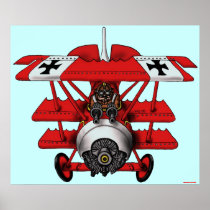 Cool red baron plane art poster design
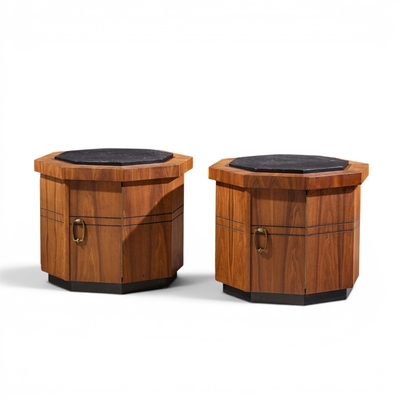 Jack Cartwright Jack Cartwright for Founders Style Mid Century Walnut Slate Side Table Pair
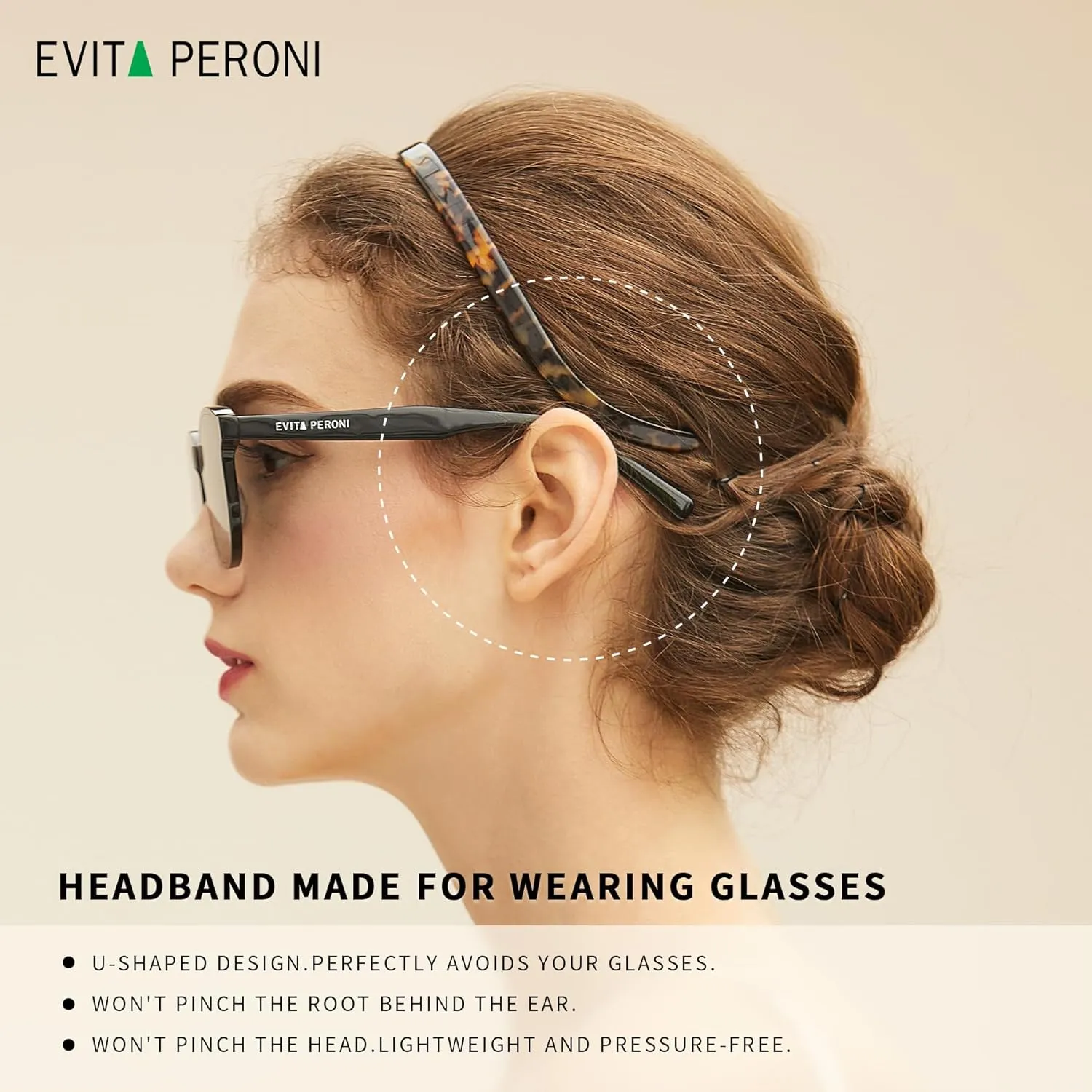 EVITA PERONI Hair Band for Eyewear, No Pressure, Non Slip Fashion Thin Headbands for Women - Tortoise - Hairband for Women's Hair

+===+

**Problem statement**
Reproduce word for word the lines from the line holding "Jack Cartwright Jack" through the last line of the material above, inclusive, and keep pictures out of it.

**Answer area**
 Jack Cartwright Jack Cartwright for Founders Style Mid Century Walnut Slate Side Table Pair
 EVITA PERONI Hair Band for Eyewear, No Pressure, Non Slip Fashion Thin Headbands for Women - Tortoise - Hairband for Women's Hair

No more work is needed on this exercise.